## BRIEF
From the listing below, restate word for word the lines from the line containing "Messerschmitt Me163 Komet 3D model purchase" down through the line containing "Avelena | Doppelleine". Exclude pictures.
MATERIAL SUPPLIED: Begin
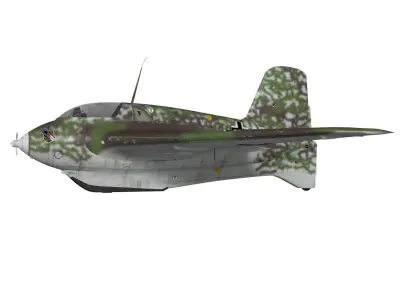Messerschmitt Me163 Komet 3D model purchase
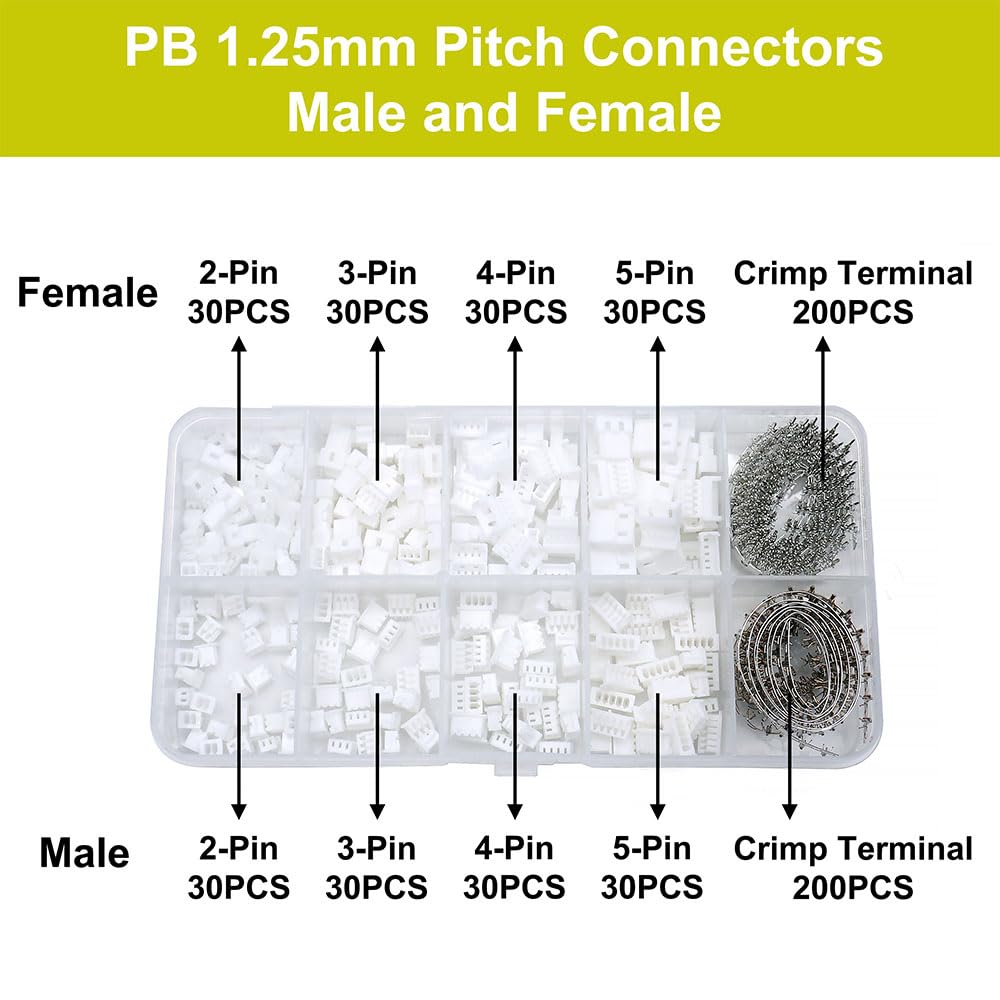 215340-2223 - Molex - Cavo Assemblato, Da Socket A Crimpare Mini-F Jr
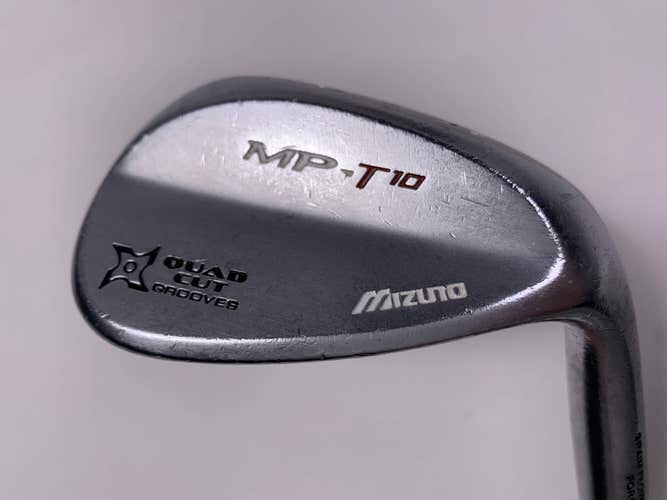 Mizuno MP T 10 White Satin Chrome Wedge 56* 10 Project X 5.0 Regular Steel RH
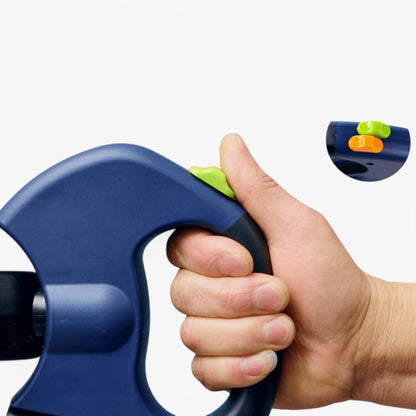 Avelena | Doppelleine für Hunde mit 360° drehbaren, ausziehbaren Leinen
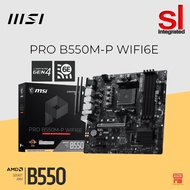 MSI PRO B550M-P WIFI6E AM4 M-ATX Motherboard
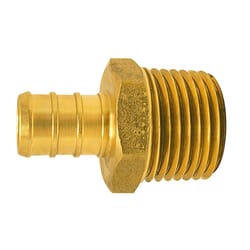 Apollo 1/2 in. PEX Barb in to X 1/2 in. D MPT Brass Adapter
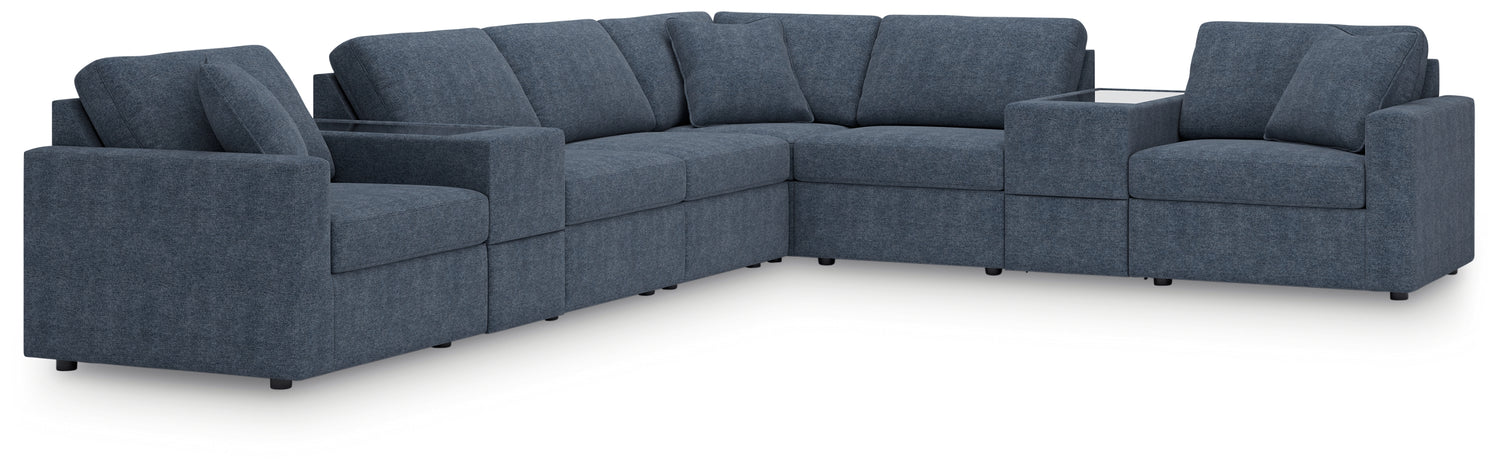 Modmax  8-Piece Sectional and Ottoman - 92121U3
MATERIAL SUPPLIED: End
MATERIAL SUPPLIED: Begin
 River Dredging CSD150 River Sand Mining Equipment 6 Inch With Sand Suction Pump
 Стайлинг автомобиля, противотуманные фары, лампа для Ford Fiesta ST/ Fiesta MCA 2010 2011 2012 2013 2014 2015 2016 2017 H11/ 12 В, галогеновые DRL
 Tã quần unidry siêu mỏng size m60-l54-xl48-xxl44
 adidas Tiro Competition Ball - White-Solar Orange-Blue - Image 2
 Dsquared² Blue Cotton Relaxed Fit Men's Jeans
MATERIAL SUPPLIED: End
MATERIAL SUPPLIED: Begin
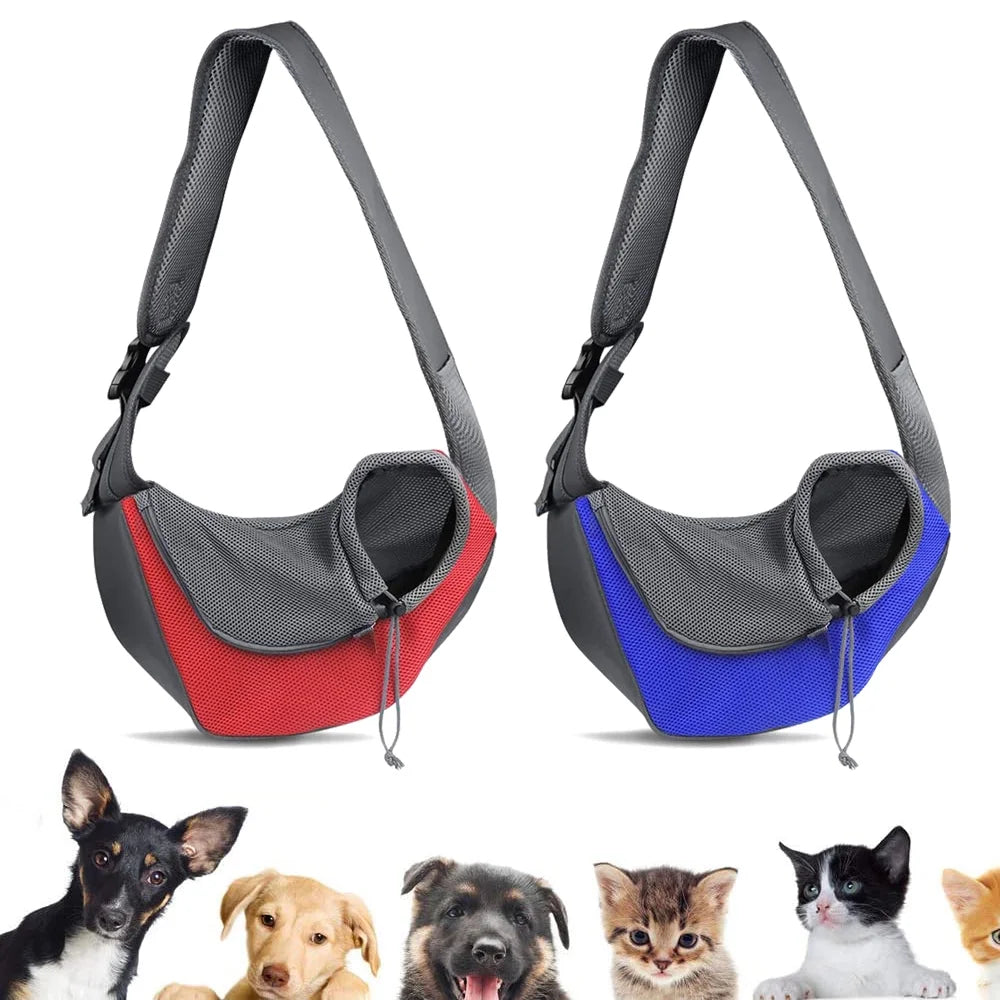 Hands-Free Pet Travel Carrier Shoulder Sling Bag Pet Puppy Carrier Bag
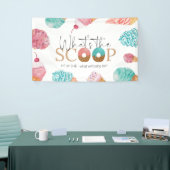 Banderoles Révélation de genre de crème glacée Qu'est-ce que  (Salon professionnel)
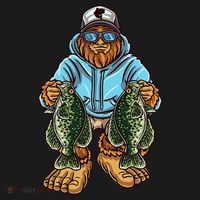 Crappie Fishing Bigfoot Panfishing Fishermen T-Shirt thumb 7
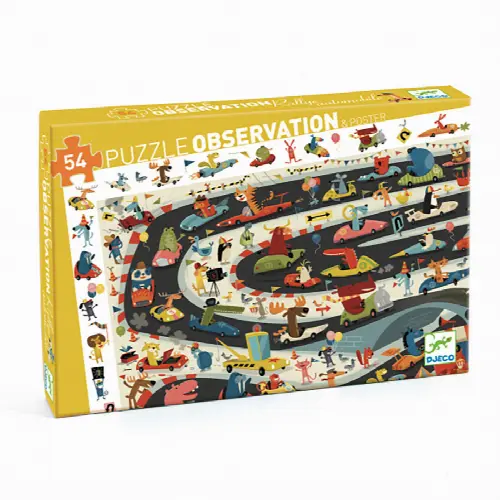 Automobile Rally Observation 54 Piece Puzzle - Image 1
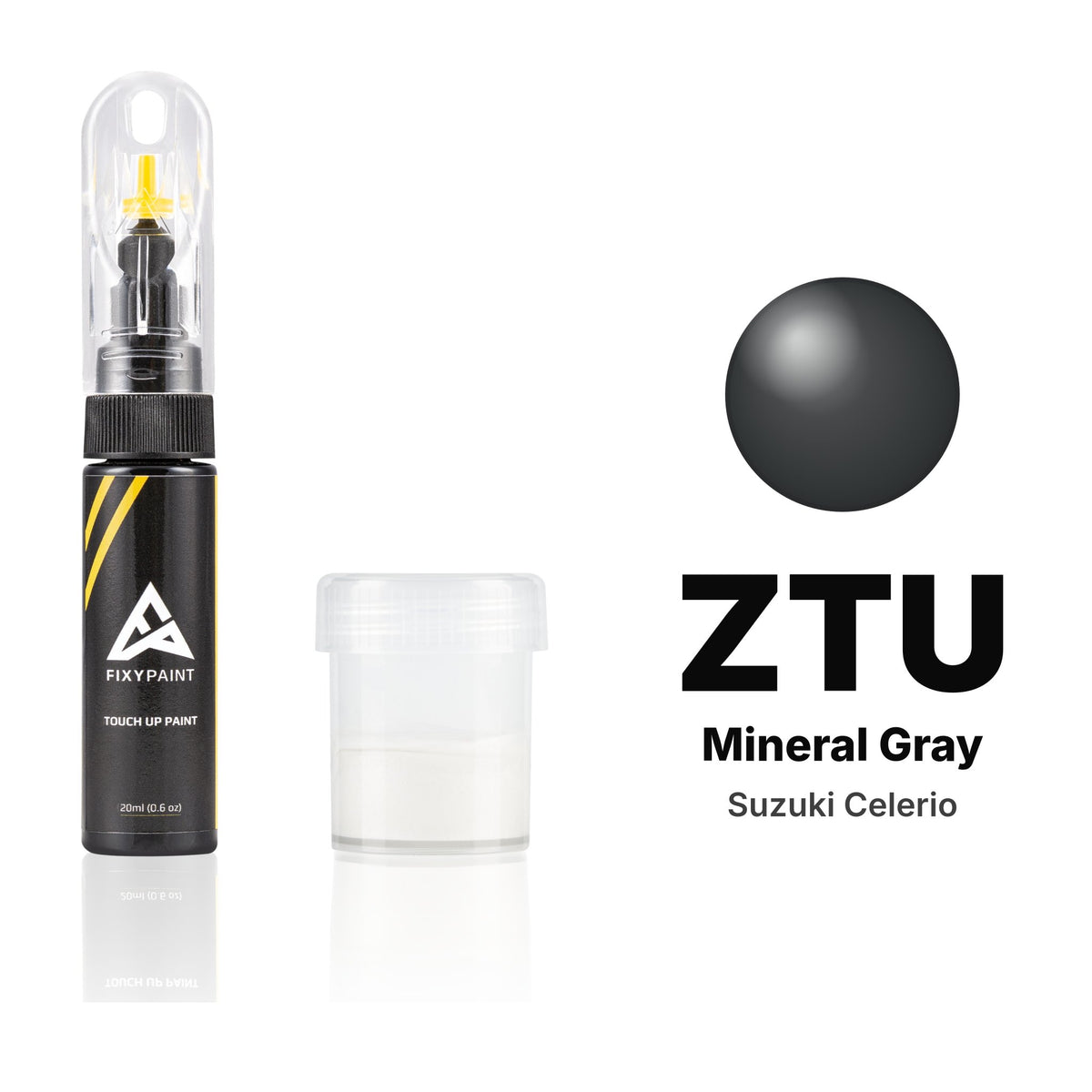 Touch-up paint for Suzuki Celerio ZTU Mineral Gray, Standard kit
MATERIAL SUPPLIED: End
## RESPONSE TO THIS EXERCISE
Messerschmitt Me163 Komet 3D model purchase
 215340-2223 - Molex - Cavo Assemblato, Da Socket A Crimpare Mini-F Jr
 Mizuno MP T 10 White Satin Chrome Wedge 56* 10 Project X 5.0 Regular Steel RH
 Avelena | Doppelleine für Hunde mit 360° drehbaren, ausziehbaren Leinen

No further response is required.